Rodrigo. I remember when I first met him the beginning of this semester. I approached him with some hot chocolate and kashi cookies and he rejected them. I asked him questions, only to get back terse one- word answers. He put up a wall so high, I didn’t think I’d ever be able to get through. But week after week, even if I were busy serving other people hot drinks/food, I always made time somewhere in the hour we were at Open Doors to talk to him.

God is good. He is always at work.

The past two Sundays, Rodrigo would come find me first and start talking. He’d share about his week and his struggles before I even asked. This past Sunday, he had a huge smile on his face as he approached me. He said “guess what, guess what!” as he pulled something small from his pocket to show me. It was a key. He had gotten a small apartment for him and his wife. I felt blessed to be able to share in his happiness.
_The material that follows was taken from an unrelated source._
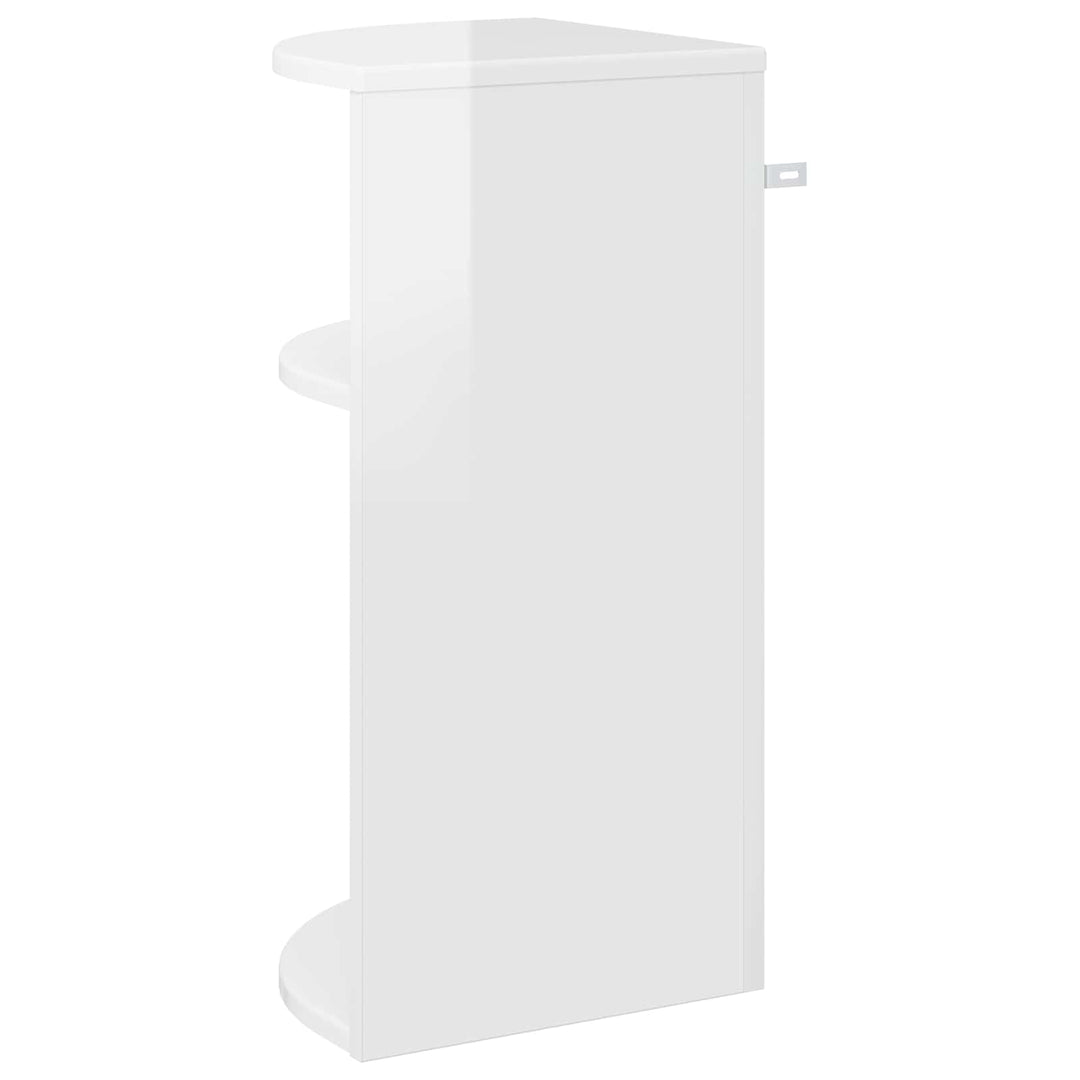Endebord Høj gloss hvid 29,6 x 29,6 x 60 cm Konstrueret træ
Praise God.


Kevin. Definitely not your typical homeless person. He reads the news more than I do. He’s aware of what’s going on in the world today more than I do. We talk about current events. We talk about finance. He talks to me about clips he’s seen on YouTube of my CEO in various interviews. We talk about politics. We talk about God. He’s not a Christian. He’s actually very skeptical of Christianity. But he’s curious.

God is good. He is always at work.

When I first met him, he’d just share about why he doesn’t believe in Christianity. How things just don’t make sense to him. He had his reservations and that was that.

Now, my time with him at Open Doors is just not enough to cover the types of questions he has… what is grace? What is the difference between grace and faith versus works? Why is the Bible filled with so many “contradictions”? We correspond via email throughout the week and he’s quoting bible verses across the Old and New Testaments and asking why different verses seem to contradict each other.

Praise God for instilling in Kevin this curiosity. He wants to make sense of the Word, and that is so encouraging to me.

God is good all the time. All the time God is good.